**Recorded data:**
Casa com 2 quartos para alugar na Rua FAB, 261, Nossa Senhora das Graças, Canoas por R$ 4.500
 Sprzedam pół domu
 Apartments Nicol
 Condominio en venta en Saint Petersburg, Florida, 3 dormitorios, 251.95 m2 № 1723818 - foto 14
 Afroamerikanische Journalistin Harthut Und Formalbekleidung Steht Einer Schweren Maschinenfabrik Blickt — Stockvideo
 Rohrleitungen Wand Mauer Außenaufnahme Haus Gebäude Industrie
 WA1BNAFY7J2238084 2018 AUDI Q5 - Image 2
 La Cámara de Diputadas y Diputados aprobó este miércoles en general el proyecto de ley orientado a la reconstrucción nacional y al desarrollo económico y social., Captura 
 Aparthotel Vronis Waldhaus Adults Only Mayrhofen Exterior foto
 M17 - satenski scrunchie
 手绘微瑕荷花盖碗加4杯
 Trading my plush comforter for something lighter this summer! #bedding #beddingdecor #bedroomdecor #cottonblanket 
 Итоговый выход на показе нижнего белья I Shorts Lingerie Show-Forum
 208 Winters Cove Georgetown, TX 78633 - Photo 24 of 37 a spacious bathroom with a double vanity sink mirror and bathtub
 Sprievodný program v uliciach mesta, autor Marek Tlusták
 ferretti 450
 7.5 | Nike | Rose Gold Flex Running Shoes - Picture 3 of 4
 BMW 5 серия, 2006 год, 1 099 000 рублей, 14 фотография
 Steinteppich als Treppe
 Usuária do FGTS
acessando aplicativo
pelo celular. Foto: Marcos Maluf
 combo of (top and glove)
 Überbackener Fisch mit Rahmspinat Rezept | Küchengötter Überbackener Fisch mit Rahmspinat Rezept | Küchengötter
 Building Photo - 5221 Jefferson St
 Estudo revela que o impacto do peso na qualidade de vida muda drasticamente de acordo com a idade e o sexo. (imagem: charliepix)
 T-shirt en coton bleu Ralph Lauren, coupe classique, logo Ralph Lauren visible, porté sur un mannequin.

**What you have to do:** Write out exactly the lines that run from the one containing "Building Photo - 5221 Jefferson St" to the end of the records, both end lines included.

**Result for this exercise:**
 Building Photo - 5221 Jefferson St
 Estudo revela que o impacto do peso na qualidade de vida muda drasticamente de acordo com a idade e o sexo. (imagem: charliepix)
 T-shirt en coton bleu Ralph Lauren, coupe classique, logo Ralph Lauren visible, porté sur un mannequin.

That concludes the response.